4. In supplement I to part 1026, under Section 1026.3—Exempt Transactions, the entry for 3(b)—Credit Over Applicable Threshold Amount is revised to read as follows:

Supplement I to Part 1026—Official Interpretations

Subpart A—General

Section 1026.3—Exempt Transactions

3(b) Credit Over Applicable Threshold Amount

1. Threshold amount. For purposes of § 1026.3(b), the threshold amount in effect during a particular period is the amount stated in comment 3(b)-3 below for that period. The threshold amount is adjusted effective January 1 of each year by any annual percentage increase in the Consumer Price Index for Urban Wage Earners and Clerical Workers (CPI-W) that was in effect on the preceding June 1. Comment 3(b)-3 will be amended to provide the threshold amount for the upcoming year after the annual percentage change in the CPI-W that was in effect on June 1 becomes available. Any increase in the threshold amount will be rounded to the nearest $100 increment. For example, if the annual percentage increase in the CPI-W would result in a $950 increase in the threshold amount, the threshold amount will be increased by $1,000. However, if the annual percentage increase in the CPI-W would result in a $949 increase in the threshold amount, the threshold amount will be increased by $900.

2. No increase in the CPI-W. If the CPI-W in effect on June 1 does not increase from the CPI-W in effect on June 1 of the previous year, the threshold amount effective the following January 1 through December 31 will not change from the previous year. When this occurs, for the years that follow, the threshold is calculated based on the annual percentage change in the CPI-W applied to the dollar amount that would have resulted, after rounding, if decreases and any subsequent increases in the CPI-W had been taken into account.

i. Net increases. If the resulting amount calculated, after rounding, is greater than the current threshold, then the threshold effective January 1 the following year will increase accordingly.

ii. Net decreases. If the resulting amount calculated, after rounding, is equal to or less than the current threshold, then the threshold effective January 1 the following year will not change, but future increases will be calculated based on the amount that would have resulted.

3. Threshold. For purposes of § 1026.3(b), the threshold amount in effect during a particular period is the amount stated below for that period.

i. Prior to July 21, 2011, the threshold amount is $25,000.

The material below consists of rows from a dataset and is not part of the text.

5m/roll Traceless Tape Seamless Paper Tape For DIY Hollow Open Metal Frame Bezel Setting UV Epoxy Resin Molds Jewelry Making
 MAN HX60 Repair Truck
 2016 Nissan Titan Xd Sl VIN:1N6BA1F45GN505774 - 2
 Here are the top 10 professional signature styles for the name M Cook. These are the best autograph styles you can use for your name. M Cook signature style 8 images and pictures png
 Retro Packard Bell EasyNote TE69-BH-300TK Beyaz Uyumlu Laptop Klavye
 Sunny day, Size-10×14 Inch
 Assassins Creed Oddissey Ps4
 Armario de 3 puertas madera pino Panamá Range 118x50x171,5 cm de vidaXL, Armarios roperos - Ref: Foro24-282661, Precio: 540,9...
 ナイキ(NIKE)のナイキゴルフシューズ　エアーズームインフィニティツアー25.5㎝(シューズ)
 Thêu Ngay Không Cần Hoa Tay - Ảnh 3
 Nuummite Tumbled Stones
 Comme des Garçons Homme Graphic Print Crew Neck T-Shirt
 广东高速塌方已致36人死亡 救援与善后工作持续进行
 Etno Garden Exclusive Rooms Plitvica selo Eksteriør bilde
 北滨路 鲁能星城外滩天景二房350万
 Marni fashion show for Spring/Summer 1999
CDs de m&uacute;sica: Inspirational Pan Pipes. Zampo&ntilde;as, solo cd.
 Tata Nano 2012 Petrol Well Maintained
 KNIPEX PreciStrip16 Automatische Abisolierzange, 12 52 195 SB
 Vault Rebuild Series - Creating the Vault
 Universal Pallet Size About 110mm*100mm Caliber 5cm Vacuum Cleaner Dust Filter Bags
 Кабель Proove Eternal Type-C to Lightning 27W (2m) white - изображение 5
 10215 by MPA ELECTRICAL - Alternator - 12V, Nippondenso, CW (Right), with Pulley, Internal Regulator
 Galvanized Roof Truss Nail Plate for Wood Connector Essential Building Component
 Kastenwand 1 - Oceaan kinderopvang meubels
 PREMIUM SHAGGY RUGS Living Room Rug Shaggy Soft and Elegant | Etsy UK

ii. From July 21, 2011 through December 31, 2011, the threshold amount is $50,000.

iii. From January 1, 2012 through December 31, 2012, the threshold amount is $51,800.

iv. From January 1, 2013 through December 31, 2013, the threshold amount is $53,000.

v. From January 1, 2014 through December 31, 2014, the threshold amount is $53,500.

vi. From January 1, 2015 through December 31, 2015, the threshold amount is $54,600.

vii. From January 1, 2016 through December 31, 2016, the threshold amount is $54,600.

viii. From January 1, 2017 through December 31, 2017, the threshold amount is $54,600.

4. Open-end credit. i. Qualifying for exemption. An open-end account is exempt under § 1026.3(b) (unless secured by real property, or by personal property used or expected to be used as the consumer's principal dwelling) if either of the following conditions is met:

A. The creditor makes an initial extension of credit at or after account opening that exceeds the threshold amount in effect at the time the initial extension is made. If a creditor makes an initial extension of credit after account opening that does not exceed the threshold amount in effect at the time the extension is made, the creditor must have satisfied all of the applicable requirements of this part from the date the account was opened (or earlier, if applicable), including but not limited to the requirements of § 1026.6 (account-opening disclosures), § 1026.7 (periodic statements), § 1026.52 (limitations on fees), and § 1026.55 (limitations on increasing annual percentage rates, fees, and charges). For example:

1. Assume that the threshold amount in effect on January 1 is $50,000. On February 1, an account is opened but the creditor does not make an initial extension of credit at that time. On July 1, the creditor makes an initial extension of credit of $60,000. In this circumstance, no requirements of this part apply to the account.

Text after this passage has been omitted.